‘Vanuit de zijbeuk’

week 06-2022: Méélse Dörskes 70 + (door Mat)

‘Vanuit de zijbeuk’ is de vaste column op de zaterdag, die afwisselend wordt ingevuld door kapelaan Roger en Mat. Ze geven zo hun eigen kijk op persoonlijke ervaringen en gebeurtenissen in ons dorp, binnen de kerk of in ‘de grote wereld’. De ene keer ernstig, dan puntig en uitdagend en een volgende keer met een grote knipoog.

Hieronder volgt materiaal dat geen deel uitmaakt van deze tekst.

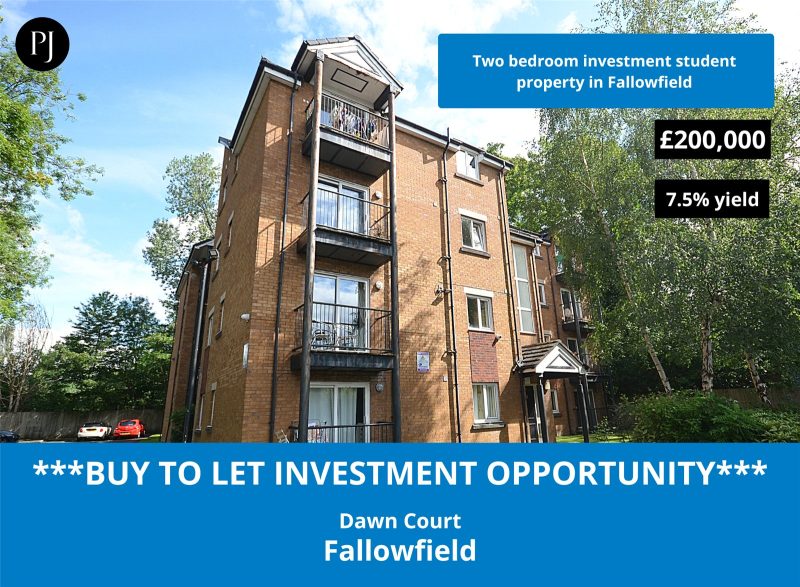 Dawn Court, 14 Wilbraham Road, Fallowfield, Manchester, M14 6DL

************************************************************

In de tien jaar dat ik nu columns schrijf voor onze parochieweblog, zijn niet alleen velerlei situaties langs gekomen, maar ook een heel scala aan beroepen en typetjes. Pausen, kardinalen en parochieherders. Medische specialisten, huisartsen en kwakzalvers. Journalisten en presentatoren. Topsporters en zij die er graag voor door willen gaan. ‘Politici van stavast’’en ‘roeptoeters, die voortdurend de weg kwijt zijn. De een krijgt lof toebedeeld en de ander wordt met pek en veren besmeurd. Ja, ja, het kan je allemaal gebeuren, als je in een van mijn stukjes ten tonele wordt gevoerd.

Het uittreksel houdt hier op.